There is very limited information regarding the differences in the cellularity and transcriptomic profiles of the omental and SAT depots from obese adolescents with SO. Likely due to the greater plasticity of the white adipose tissue at this particular young age (46–48), the findings in the cellularity, the transcriptomic profiles, and their responses to SG-induced weight loss may be specific to this developmental stage of adolescence, compared with those described in older subjects with obesity.
Interdepot differences in cell size. Adipocytes from the omental depot (omVAT) were smaller compared with those from the SAT. These cell size differences are consistent with those reported in adult obese women (49). Surprisingly, we found no relation between cell size and insulin sensitivity in the omVAT in contrast to the significant correlation with the large cell diameter and insulin sensitivity in the SAT. This finding would support the primary role of the SAT rather than the omVAT in the development of insulin resistance at this particular developmental stage.

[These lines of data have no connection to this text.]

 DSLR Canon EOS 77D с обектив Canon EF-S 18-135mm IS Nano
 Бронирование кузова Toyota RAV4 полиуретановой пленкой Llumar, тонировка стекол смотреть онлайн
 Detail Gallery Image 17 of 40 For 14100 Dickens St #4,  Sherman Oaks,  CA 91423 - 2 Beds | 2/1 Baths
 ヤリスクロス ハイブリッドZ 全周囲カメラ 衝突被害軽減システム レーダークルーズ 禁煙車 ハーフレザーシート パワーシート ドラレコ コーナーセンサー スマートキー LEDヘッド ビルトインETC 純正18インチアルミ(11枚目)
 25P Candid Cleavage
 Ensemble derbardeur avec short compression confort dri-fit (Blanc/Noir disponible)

Further analysis of the cellular patterns suggests that in adolescents with SO, the proportion of small/large cells and the percentage of small cells from the SAT depot were significantly higher compared with those seen from the omVAT depot (see Table 2). Of note, the cell diameter of the adipocytes from the omVAT depot positively correlated with the ratio of small to large cells from the SAT (r = 0.754, P = 0.015, Figure 1D). The reason for the differential small cell accumulation between the 2 depots is not clear but could be related to the regional differences of fat tissue and presence of insulin resistance. To some extent, our results regarding the interdepot differences in the proportion of small/large cells are different from those reported in adults by Liu et al. This discrepancy is likely due to the difference in the age of the subjects studied, that is, adolescents versus adults (49).

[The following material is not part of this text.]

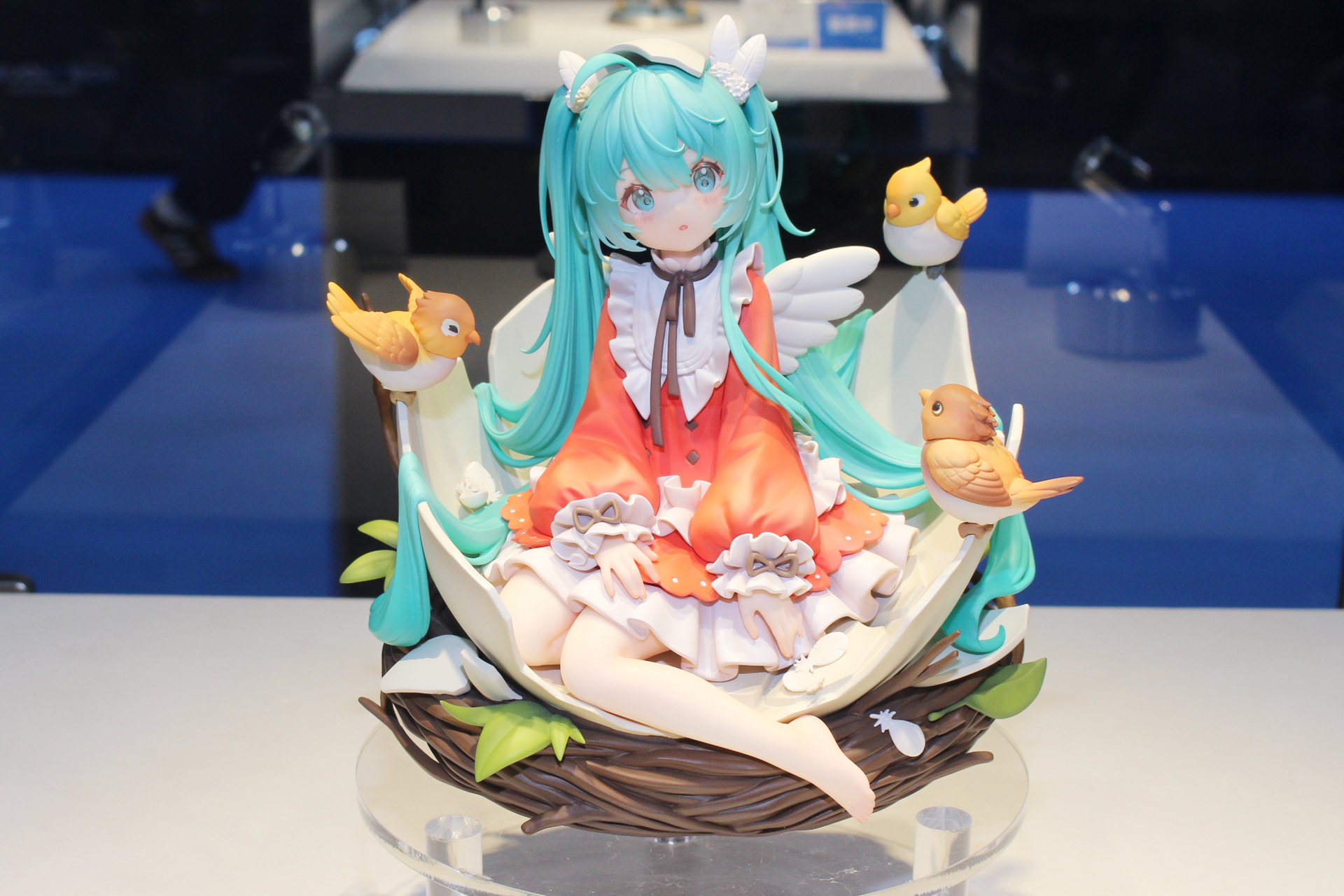 「1/7スケールフィギュア 初音ミク 小鳥Ver.」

To the best of our knowledge, our study may be the first to document, using Multisizer technology, that increasing cell size in omVAT is associated with accumulation of small cells in SAT in adolescent girls with SO. Additionally, it suggests that the cell diameter of the adipocytes from the omVAT depot may regulate the proportion of the small to large cells in the SAT (see Figure 1). Regardless of the directionality of these relations, what is emerging is that the presence of large cells and the greater proportion of small to large cells in the SAT may be playing a greater role in shaping the onset of insulin resistance compared with that seen in the omVAT. Whether this difference is due to the particular maturational stage or due to the regional site of the depot remains unclear.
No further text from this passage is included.